The RACAT (Rheumatoid Arthritis: Comparison of Active Therapies) trial tested those two options in 353 rheumatoid arthritis (RA) patients at 36 U.S. or Canadian sites between July 2007 and December 2010. The study’s primary endpoint, improvement in average disease activity score in 28 joints (DAS28) from baseline to 48 weeks of treatment, was similar in both treatment arms, proving the noninferiority of the triple synthetic DMARD regimen against the etanercept, biological arm, Dr. James R. O’Dell reported in a poster at the annual European Congress of Rheumatology. The results also appeared online simultaneously with Dr. O’Dell’s poster presentation (N. Engl. J. Med. 2013 June 11 [doi: 10.1056/NEJMoal1303006]).
"We showed that starting first with a TNF inhibitor or first with triple therapy resulted in the same outcomes. But costs were not the same. We [successfully] treated another 30% of patients who did not need a biologic" with the synthetic triple therapy. "And in the patients where triple therapy doesn’t work, you can change them to a biologic and they have identical outcomes, clinically by DAS28 and radiographically," compared with patients who began on etanercept added to methotrexate from the start, he said. Dr. O’Dell is chief of rheumatology at the VA Medical Center in Omaha, Neb., and professor of medicine at the University of Nebraska.
"Nothing is lost for the patient; if they don’t do well on triple therapy they can switch to a biological. The data are persuasive and the economic case is easy to make. You absolutely ought to go with triple therapy," he concluded based on the study findings.
But "it is very difficult to get physicians to buy into this" strategy, he said in an interview. TNF inhibitors such as etanercept and other biological DMARDs are "seductive," Dr. O’Dell said, because they are effective, work quickly, and appear more "targeted" than synthetic DMARDs, and they are promoted by well-financed marketing campaigns.
Dr. O’Dell conceded that the study data showed a signal of more radiographic progression with triple synthetic DMARD treatment that could potentially, over time, accrue to more substantial differences. At 48 weeks after the onset of treatment, patients on triple therapy had an average 0.54-point increase (worsening) in their van der Heijde modified Sharp score, compared with an average 0.29-point rise in the patients who received etanercept, a 0.25-point average difference in favor of etanercept that did not reach statistical significance.
But this trend toward greater radiographic progression in patients on triple therapy was consistent with the statistically significant, roughly 1-point average additional increased radiographic progression with triple therapy, compared with patients on methotrexate plus etanercept, that was seen after 2 years of follow-up in the TEAR (Treatment of Early Aggressive Rheumatoid Arthritis) trial (Arthritis Rheum. 2012;64:2824-35).

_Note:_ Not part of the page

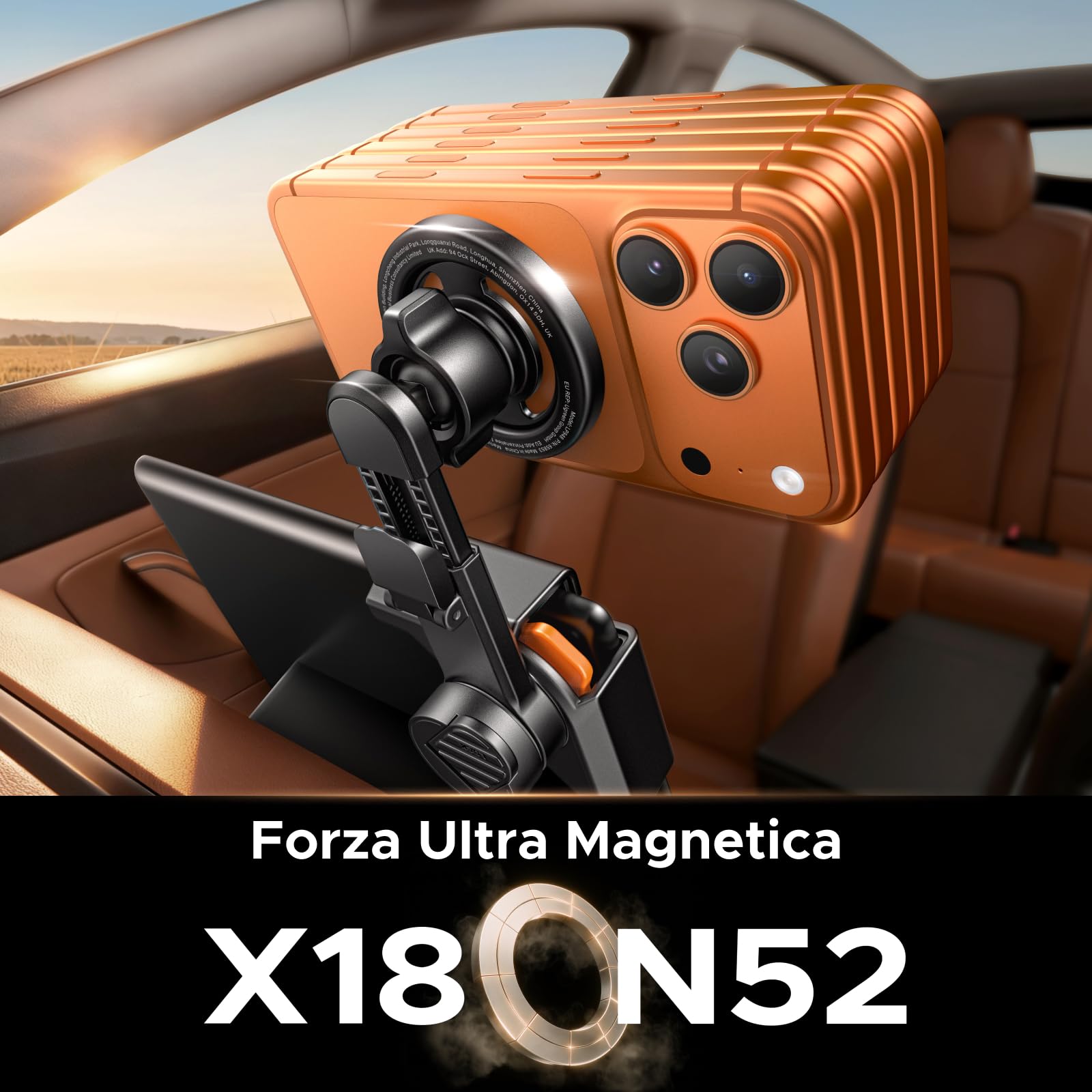 ugreen-supporto-telefono-auto-magnetico-magsafe-per-tesla-model-3-model-y image 2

The TEAR study, which enrolled patients with very early RA, included a subgroup with an inadequate response to methotrexate monotherapy, and in that subgroup, patients randomized to triple therapy and those randomized to etanercept plus methotrexate had similar clinical outcomes, consistent with the new study findings.

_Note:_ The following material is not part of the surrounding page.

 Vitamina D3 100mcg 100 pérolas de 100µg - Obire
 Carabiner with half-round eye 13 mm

"It’s hard to say that 1 or 2 units on the Sharp score doesn’t matter much, even if you don’t see the difference for several years," commented Dr. Daniel Furst, professor of medicine and director of the Rheumatology Clinical Research Center at the University of California, Los Angeles.

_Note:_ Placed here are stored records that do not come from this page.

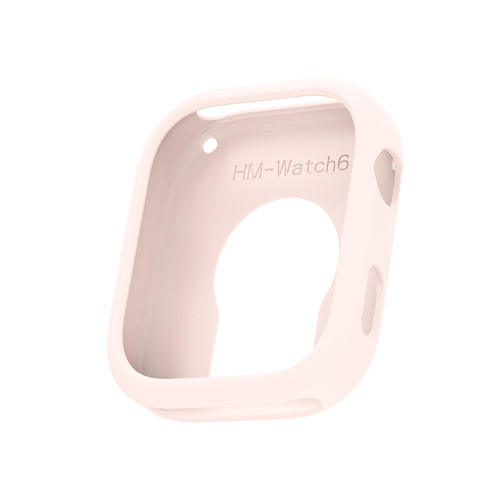 Redmi Watch 6 Yumuşak TPU Silikon Kasa Koruyucu MKST Watch Gard 41 - Pembe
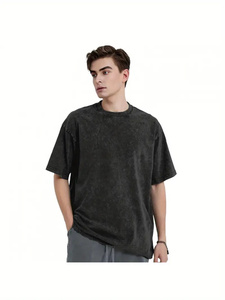 Nouveau style de t-shirt court pour hommes coupe ample en coton de bonne qualité avec stock, vêtements en vrac, mélange de vêtements en balle, vêtements d'occasion - Product Image 3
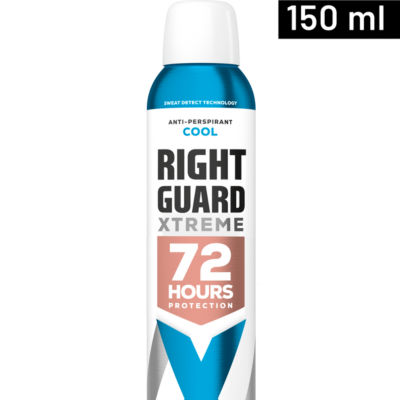Right Guard Xtreme Women 72h Cool Antiperspirant Deodorant,150ml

"Triple therapy is effective clinically, but it doesn’t do so well for x-rays. There are relationships between a 1 or 2 Sharp score difference and long-term outcomes. Across the board with biologics, the difference is 1 or 2 Sharp units. If one’s philosophy is to hit the RA hard and stop it, then perhaps a biologic is better," Dr. Furst commented in an interview.
But another view was that triple therapy could play a useful and cost-effective role. The new findings, along with the TEAR results, make "initial treatment of early RA with triple therapy a reasonable approach," said Dr. Joel M. Kremer, a professor of medicine at Albany (N.Y.) Medical College and director of research at the Center for Rheumatology in Albany. The only clear downside is that if triple therapy doesn’t work, the patient loses time, but that’s true for every treatment option, he noted.